• Problem details: A verbatim copy of the listing is needed; pictures are to be left out.

• The data:
----------------------------------------

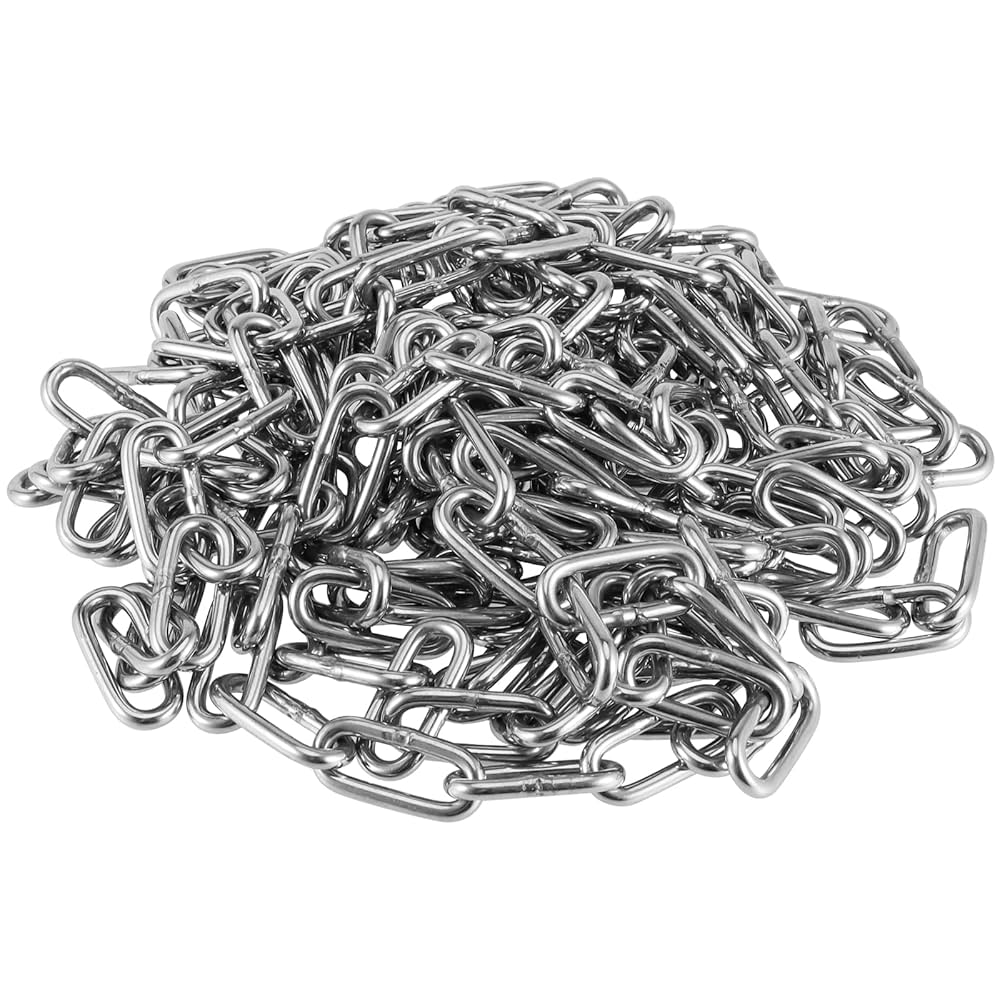 Amazon.com: KEILEOHO 16.5 Feet 4mm Stainless Steel Chain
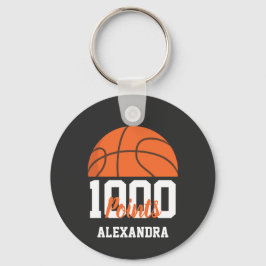 1000 Career Points Scorer Basketball Player Team Sleutelhanger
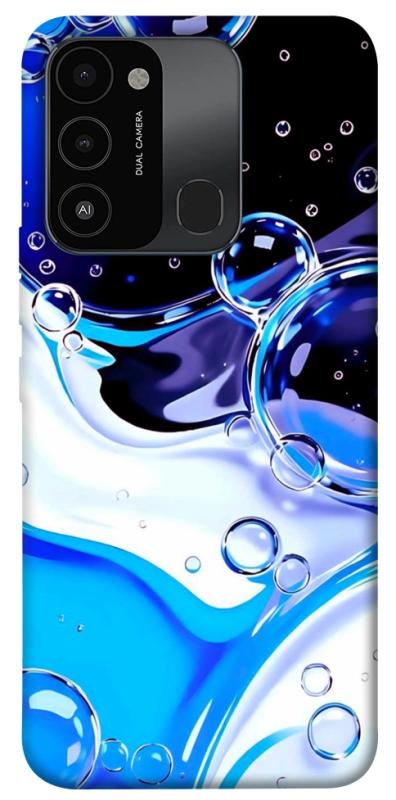 Чехол itsPrint Blue Bubbles для Tecno Spark Go 2022 (KG5m), паттерн, купить оптом с доставкой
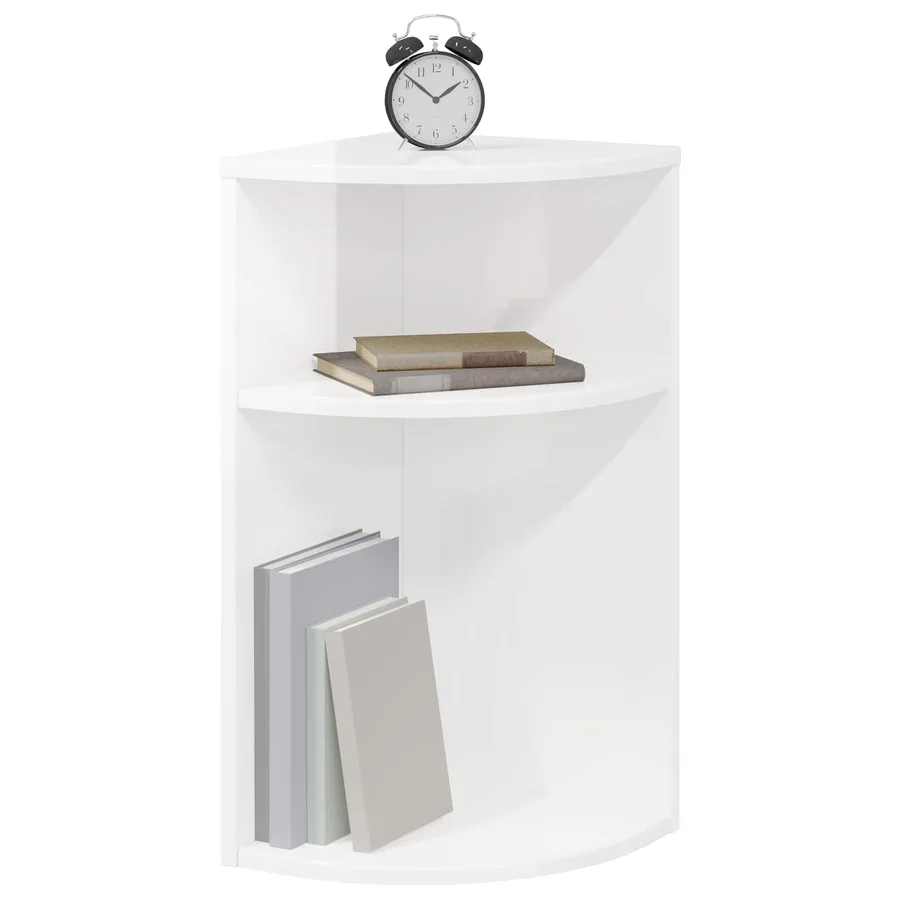 Table d'appoint Blanc brillant 29,6 x 29,6 x 60 cm - 3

----------------------------------------

• Result:
 Amazon.com: KEILEOHO 16.5 Feet 4mm Stainless Steel Chain
 1000 Career Points Scorer Basketball Player Team Sleutelhanger
 Чехол itsPrint Blue Bubbles для Tecno Spark Go 2022 (KG5m), паттерн, купить оптом с доставкой
 Table d'appoint Blanc brillant 29,6 x 29,6 x 60 cm - 3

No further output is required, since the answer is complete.